MITT TO CHINA: DROP DEAD
Posted on | November 4, 2011 | 23 Comments
WASHINGTON, D.C.
OK, maybe the NY Post-style headline slightly overstates Mitt Romney’s tough talk on China here at the “Defending the American Dream” summit. Instead the former Massachusetts governor promised that, as president, he would evaluate federal programs in terms of deficit spending financed by borrowing from China.
“For each program we have in the government, I’m going to look at them one by one, and I’m going to ask this question: ‘Is this program so critical, so essential, that we should borrow money from China to pay for it?” said Romney, who is neck-and-neck with Atlanta businessman Herman Cain in the race for the GOP 2012 nomination.
“Now, for example, I like Amtrak, but I’m not willing to borrow $1.6 billion a year from China to pay for it,” Romney said, drawing applause from the crowd in the D.C. Convention Center ballroom. “I really like the National Endowment for the Arts, the National Endowment for the Humanities, the Corporation for Public Broadcasting, but I will not borrow almost a billion dollars a year from China to pay for them.
“And then there’s foreign aid.

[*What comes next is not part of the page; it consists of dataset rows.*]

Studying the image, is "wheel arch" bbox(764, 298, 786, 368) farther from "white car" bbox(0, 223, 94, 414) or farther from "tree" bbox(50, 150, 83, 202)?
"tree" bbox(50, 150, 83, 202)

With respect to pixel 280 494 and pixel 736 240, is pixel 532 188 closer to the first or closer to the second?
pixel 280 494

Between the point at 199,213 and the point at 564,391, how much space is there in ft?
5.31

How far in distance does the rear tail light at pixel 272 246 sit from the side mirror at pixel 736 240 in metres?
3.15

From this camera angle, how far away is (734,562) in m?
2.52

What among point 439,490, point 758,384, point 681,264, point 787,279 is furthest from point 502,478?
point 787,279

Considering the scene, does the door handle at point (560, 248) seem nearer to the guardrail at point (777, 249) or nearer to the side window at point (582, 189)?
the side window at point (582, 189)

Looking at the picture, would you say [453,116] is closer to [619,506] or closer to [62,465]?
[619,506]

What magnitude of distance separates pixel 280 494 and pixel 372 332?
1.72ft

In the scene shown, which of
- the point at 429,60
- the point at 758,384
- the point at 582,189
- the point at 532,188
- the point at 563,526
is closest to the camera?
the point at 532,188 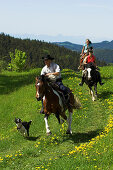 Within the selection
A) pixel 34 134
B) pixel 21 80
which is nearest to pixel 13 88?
pixel 21 80

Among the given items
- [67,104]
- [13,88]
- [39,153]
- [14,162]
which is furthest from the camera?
[13,88]

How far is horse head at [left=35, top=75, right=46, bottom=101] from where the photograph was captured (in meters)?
11.5

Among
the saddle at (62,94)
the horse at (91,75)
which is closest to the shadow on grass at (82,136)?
the saddle at (62,94)

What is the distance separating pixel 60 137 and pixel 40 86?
11.9 feet

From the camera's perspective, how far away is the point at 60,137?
1365 centimetres

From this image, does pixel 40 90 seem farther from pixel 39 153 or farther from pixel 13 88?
pixel 13 88

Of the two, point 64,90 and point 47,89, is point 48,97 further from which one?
point 64,90

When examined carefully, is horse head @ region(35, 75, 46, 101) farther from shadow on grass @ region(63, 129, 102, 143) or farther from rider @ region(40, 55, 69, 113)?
shadow on grass @ region(63, 129, 102, 143)

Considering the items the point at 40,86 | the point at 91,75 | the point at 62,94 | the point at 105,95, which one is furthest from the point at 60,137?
the point at 105,95

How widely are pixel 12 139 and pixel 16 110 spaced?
32.2 feet

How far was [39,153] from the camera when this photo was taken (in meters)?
11.5

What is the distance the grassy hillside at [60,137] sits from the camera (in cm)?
912

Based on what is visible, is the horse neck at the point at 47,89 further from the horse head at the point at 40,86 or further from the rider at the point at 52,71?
the rider at the point at 52,71

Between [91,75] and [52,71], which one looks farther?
[91,75] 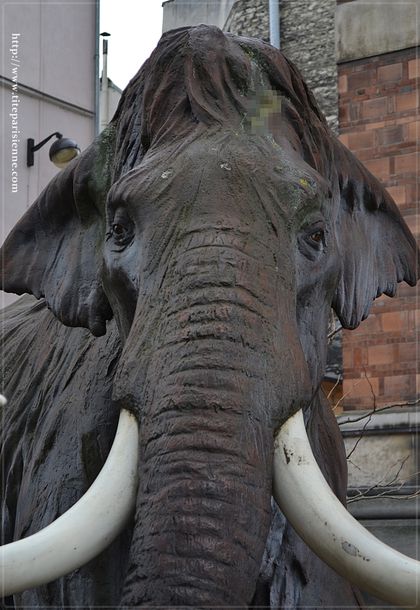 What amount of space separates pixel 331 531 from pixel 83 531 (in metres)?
0.51

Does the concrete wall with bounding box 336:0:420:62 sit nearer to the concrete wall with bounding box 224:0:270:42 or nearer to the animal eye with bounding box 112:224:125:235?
the animal eye with bounding box 112:224:125:235

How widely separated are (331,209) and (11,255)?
3.81 ft

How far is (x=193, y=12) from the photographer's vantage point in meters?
22.5

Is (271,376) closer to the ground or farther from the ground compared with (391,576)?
farther from the ground

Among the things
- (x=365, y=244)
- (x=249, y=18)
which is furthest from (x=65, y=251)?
(x=249, y=18)

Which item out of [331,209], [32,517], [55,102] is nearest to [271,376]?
[331,209]

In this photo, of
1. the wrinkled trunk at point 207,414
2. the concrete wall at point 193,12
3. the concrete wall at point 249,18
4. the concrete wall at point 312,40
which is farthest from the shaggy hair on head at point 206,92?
A: the concrete wall at point 249,18

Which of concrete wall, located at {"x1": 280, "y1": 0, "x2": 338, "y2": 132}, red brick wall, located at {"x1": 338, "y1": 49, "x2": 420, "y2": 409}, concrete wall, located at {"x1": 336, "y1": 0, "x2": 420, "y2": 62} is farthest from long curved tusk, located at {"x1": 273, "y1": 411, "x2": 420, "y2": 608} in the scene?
concrete wall, located at {"x1": 280, "y1": 0, "x2": 338, "y2": 132}

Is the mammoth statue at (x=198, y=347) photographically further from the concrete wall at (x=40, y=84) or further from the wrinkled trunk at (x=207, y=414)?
the concrete wall at (x=40, y=84)

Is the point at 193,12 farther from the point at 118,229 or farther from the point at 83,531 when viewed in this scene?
the point at 83,531

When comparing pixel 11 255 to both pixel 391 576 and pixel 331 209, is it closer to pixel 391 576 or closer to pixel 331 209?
pixel 331 209

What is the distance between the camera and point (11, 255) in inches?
165

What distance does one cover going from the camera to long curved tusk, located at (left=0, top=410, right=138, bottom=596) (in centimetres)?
245

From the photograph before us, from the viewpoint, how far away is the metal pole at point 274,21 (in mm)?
20516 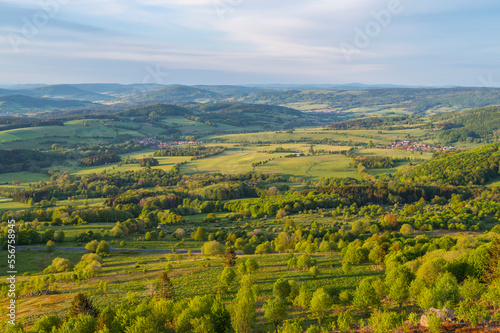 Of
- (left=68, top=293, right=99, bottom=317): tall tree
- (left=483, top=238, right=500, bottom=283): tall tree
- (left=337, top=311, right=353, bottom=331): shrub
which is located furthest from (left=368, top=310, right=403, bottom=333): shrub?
(left=68, top=293, right=99, bottom=317): tall tree

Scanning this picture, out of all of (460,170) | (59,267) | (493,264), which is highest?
(493,264)

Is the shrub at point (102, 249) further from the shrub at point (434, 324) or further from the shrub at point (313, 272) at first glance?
the shrub at point (434, 324)

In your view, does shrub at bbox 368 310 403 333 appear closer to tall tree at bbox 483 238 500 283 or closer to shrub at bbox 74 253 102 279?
tall tree at bbox 483 238 500 283

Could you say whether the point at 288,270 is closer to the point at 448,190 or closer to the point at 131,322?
the point at 131,322

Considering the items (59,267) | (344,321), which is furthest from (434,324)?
(59,267)

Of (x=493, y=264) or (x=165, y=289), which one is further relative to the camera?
(x=165, y=289)

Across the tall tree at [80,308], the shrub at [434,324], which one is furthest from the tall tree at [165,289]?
the shrub at [434,324]

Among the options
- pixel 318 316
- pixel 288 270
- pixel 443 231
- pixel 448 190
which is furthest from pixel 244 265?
pixel 448 190

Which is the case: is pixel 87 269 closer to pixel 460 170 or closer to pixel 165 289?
pixel 165 289
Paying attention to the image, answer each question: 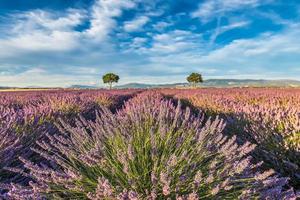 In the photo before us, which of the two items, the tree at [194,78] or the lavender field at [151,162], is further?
the tree at [194,78]

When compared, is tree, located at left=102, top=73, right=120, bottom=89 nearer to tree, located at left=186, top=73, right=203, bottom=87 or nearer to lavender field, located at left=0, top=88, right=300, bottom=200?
tree, located at left=186, top=73, right=203, bottom=87

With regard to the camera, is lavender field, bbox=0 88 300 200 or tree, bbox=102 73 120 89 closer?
lavender field, bbox=0 88 300 200

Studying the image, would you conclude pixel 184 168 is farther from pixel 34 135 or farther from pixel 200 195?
pixel 34 135

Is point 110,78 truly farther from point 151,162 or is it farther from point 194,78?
point 151,162

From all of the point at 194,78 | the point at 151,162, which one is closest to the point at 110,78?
the point at 194,78

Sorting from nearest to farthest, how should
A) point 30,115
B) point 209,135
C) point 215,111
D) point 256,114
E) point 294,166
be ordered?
point 209,135 → point 294,166 → point 30,115 → point 256,114 → point 215,111

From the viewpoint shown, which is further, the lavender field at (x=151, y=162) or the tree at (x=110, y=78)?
the tree at (x=110, y=78)

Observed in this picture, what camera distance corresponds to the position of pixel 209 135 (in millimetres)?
3186

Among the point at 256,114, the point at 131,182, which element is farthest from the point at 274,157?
the point at 131,182

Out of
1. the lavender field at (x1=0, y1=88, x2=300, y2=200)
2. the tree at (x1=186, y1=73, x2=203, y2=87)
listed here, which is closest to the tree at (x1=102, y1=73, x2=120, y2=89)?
the tree at (x1=186, y1=73, x2=203, y2=87)

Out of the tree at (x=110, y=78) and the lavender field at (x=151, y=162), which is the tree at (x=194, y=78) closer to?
the tree at (x=110, y=78)

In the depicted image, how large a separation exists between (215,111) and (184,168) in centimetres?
606

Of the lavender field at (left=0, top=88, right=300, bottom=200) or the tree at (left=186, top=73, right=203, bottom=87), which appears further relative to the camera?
the tree at (left=186, top=73, right=203, bottom=87)

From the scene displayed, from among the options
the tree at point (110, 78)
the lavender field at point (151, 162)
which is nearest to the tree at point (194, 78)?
the tree at point (110, 78) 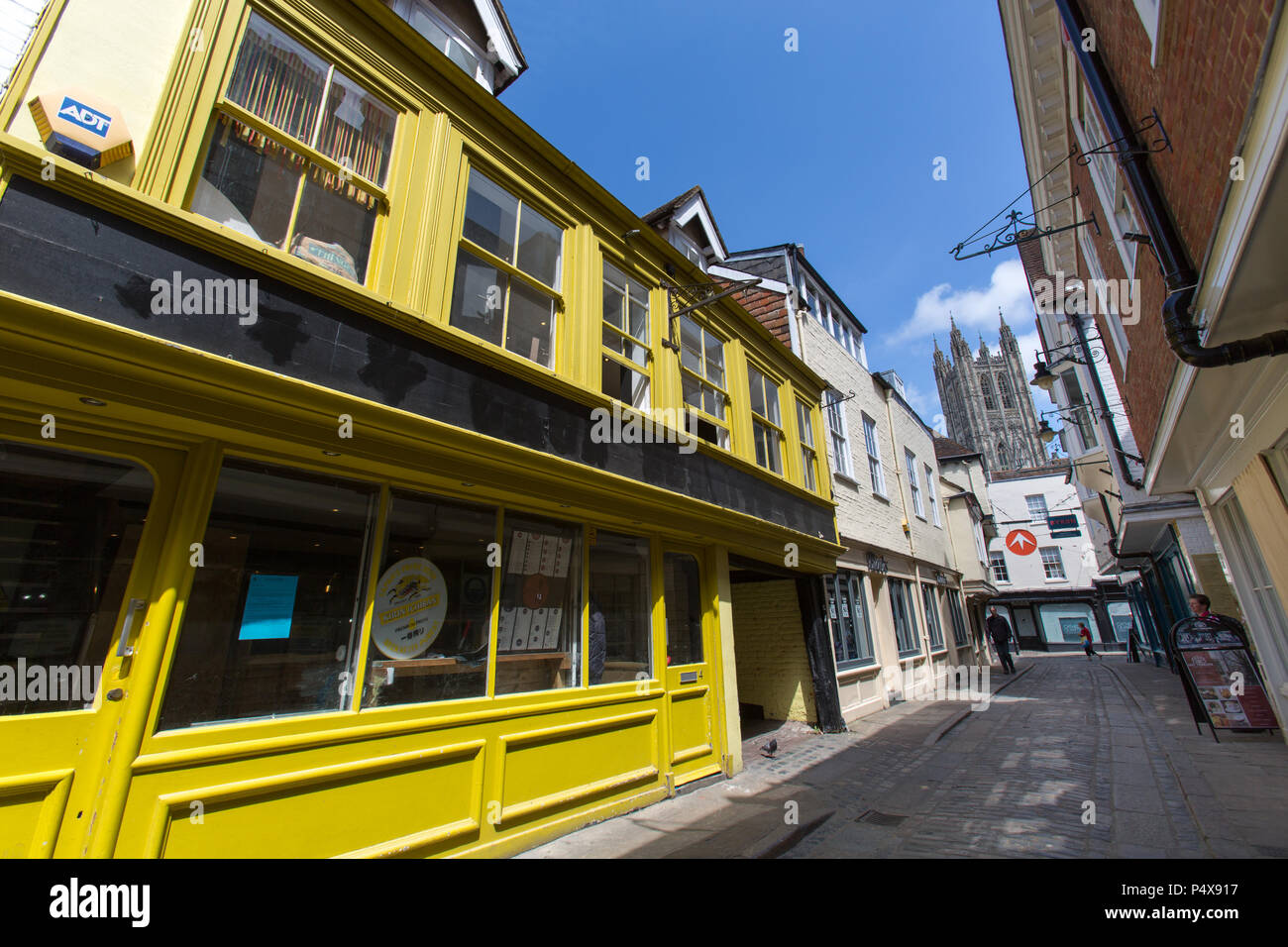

Do you know that we give $27 million a year — guess to which country? To China. . . . I will stop sending money to any country that can take care of itself, and no foreign aid will go to countries that oppose American interests.”
That line produced a standing ovation.
Our ruthless Chinese overlords have yet to issue a statement on this unexpected outbreak of Sinophobia from Romney.
Comments
23 Responses to “MITT TO CHINA: DROP DEAD”
November 4th, 2011 @ 2:13 pm
It’s Friday, early afternoon. By Monday, noon at the outside, Romney will have issued enough clarifying statements that only the Chinese will remember today.
November 4th, 2011 @ 2:15 pm
Wow, I actually agree with Romney on this. Except you can see his pants are on fire.
November 4th, 2011 @ 2:16 pm
Talk is cheap.
November 4th, 2011 @ 2:23 pm
The question is why should we believe Romney on any position he takes after all he is a sleeper agent for the SDs.
November 4th, 2011 @ 2:23 pm
Am I wrong? Didn’t Obama make similar promises? To me Romney is like a sail boat. It always depends on how the wind is blowing.
November 4th, 2011 @ 2:26 pm
Sometimes the Mormon actually says things that I like the sound of.
But always at the end of it, I have to ask myself whether he believes it.
November 4th, 2011 @ 2:40 pm
That’s good. Reminds me of when P.J. O’Rourke wrote about taxation enforced by, um, force, and concludes that the proper test of government spending is whether you’d be willing to point a gun at (or possibly shoot?) your grandmother for each item of spending.
November 4th, 2011 @ 4:09 pm
I would have used my fav “Pound Sand”, but “Drop Dead” is just as good.
November 4th, 2011 @ 4:13 pm
“I really like the National Endowment for the Arts, the National Endowment for the Humanities, the Corporation for Public Broadcasting,…..”
We know you do, Mitt. That’s the problem.
November 4th, 2011 @ 4:53 pm
It’s a good way to present the deficit problem to an electorate handicapped by 35 years of ever-increasing federal government monopoly of public education which has destroyed their ability to think critically – but instilled in them an extremely inflated sense of self-worth and self-esteem and an overriding need to “diversify” everything.
November 4th, 2011 @ 5:05 pm
[…] Via Robert Stacy McCain, Mitt Romney: “For each program we have in the government, I’m going to look at them one by […]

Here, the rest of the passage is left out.